I cant seem to help establishing a better talent for back talking though, my emotions are running wild. I am finding my blood sugar to be the major cause. I worry that I used to be a good kid. But now (gulp) diabetes has made me a bad kid. When will my status change back to being "normal."

Thursday, January 8, 2009

Chapter Three - This is a mess

Written Feb 8 2009

This summer of 1990 is a summer I am turning unwillingly into an adult. I can see it. My parents can see it too. My parents are extremely supportive and I dont think I can manage this life change without them, but slowly I am learning that I only have myself to fully rely on. I am the only one who knows what is going on in my own body. The only one who knows that if I skip a meal the consequences will turn ugly.
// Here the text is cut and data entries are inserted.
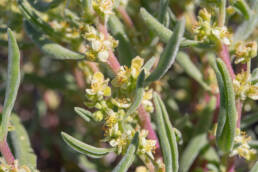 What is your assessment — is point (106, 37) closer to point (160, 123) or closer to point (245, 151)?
point (160, 123)

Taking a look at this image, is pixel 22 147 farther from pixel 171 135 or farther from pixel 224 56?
pixel 224 56

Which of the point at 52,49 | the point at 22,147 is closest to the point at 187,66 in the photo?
the point at 52,49

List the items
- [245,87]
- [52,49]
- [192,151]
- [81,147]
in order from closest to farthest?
[81,147]
[245,87]
[52,49]
[192,151]

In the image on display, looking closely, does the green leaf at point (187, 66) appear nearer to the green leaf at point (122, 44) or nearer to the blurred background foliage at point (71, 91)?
the blurred background foliage at point (71, 91)

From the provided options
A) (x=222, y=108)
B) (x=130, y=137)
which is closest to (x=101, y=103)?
(x=130, y=137)

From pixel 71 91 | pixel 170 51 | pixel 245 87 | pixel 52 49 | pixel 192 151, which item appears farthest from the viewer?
pixel 71 91

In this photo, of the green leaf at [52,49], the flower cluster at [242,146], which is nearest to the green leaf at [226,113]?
the flower cluster at [242,146] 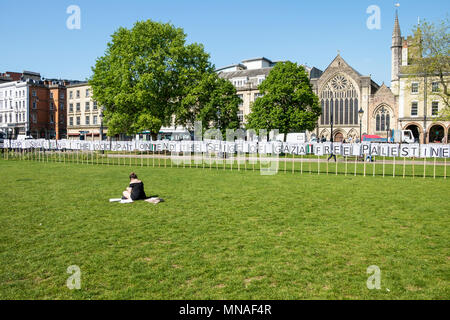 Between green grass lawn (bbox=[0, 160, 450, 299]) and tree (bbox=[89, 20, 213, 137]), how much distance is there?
93.1 feet

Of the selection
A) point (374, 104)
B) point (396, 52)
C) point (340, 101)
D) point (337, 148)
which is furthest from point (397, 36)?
point (337, 148)

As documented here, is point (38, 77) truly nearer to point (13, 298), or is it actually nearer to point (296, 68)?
point (296, 68)

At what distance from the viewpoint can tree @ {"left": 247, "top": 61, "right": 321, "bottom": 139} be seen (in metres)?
50.7

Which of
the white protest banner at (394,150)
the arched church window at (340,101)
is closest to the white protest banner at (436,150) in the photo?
the white protest banner at (394,150)

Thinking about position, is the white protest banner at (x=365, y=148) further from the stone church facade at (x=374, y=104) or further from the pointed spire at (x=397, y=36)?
the pointed spire at (x=397, y=36)

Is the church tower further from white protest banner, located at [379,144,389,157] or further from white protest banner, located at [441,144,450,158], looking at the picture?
white protest banner, located at [441,144,450,158]

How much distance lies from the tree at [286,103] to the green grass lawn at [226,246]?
37.4 metres

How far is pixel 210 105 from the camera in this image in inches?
1893

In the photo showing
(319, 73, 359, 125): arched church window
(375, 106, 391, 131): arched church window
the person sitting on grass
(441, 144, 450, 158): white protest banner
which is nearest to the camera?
the person sitting on grass

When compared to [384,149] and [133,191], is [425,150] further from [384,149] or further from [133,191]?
[133,191]

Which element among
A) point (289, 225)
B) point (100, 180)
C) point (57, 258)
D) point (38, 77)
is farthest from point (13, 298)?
point (38, 77)

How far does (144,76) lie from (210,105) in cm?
1094

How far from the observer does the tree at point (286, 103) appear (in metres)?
50.7

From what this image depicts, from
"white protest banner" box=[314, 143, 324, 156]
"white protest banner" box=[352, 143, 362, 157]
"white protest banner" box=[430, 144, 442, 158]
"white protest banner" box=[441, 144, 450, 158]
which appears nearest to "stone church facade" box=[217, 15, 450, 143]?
"white protest banner" box=[314, 143, 324, 156] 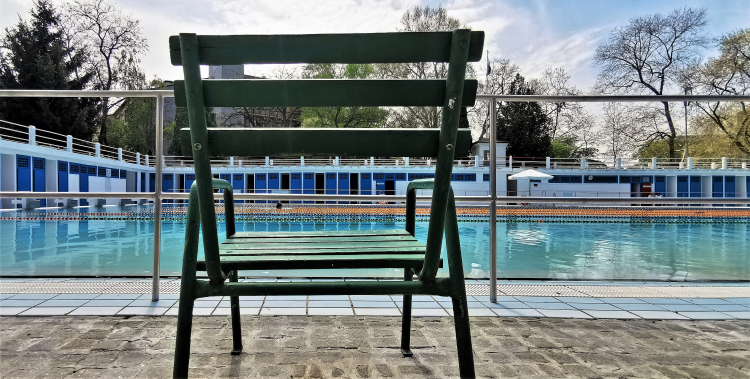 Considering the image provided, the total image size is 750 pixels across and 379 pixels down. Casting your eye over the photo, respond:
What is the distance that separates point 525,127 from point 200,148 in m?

And quickly.

This morning I opened my eyes and realize I cannot get out of bed. My limbs dont seem to be working. I panic and scream for my mom who comes barreling into the room a moment later. She asks me whats wrong and even though my brain is processing what I want to say, it will not come out the same way through my tingling lips. My mom is fumbling around in my nightstand for the tube of glucagon gel we keep there for emergencies. If this isnt one, I am not sure what classifies as one.

She pops the little plastic cap off which goes flying across the room and tells me to swallow. As soon as the cool gel hits my taste buds my body fights back. I begin to squirm and the scariest thing is I am not doing this intentionally. Hold still she tell me and I can tell she is starting to get upset with me. She holds me down to settle me which pretty much sends my body into convulsions. There is gel around my mouth, on my night shirt, my bed sheets, everywhere. This is a complete mess!

Not only a mess, a single parent should not have to witness their kid going through this unbearable horror of feeling like the only thing that they can do is to force sugar down their helpless childs gullet.

Yes, we need to figure out a way to prohibit hypoglycemic reactions from showing their distorted faces in our lives! But I feel that is going to take massive amounts of time, as it does not seem to be something we can entirely control at this precise time. Should we try telling a little white lie? That this Thursday will be too busy to deal with, do you think you can come back another time- like NEVER!?! Blood sugar reactions do not R.S.V.P. We are learning they prefer to arrive unannounced.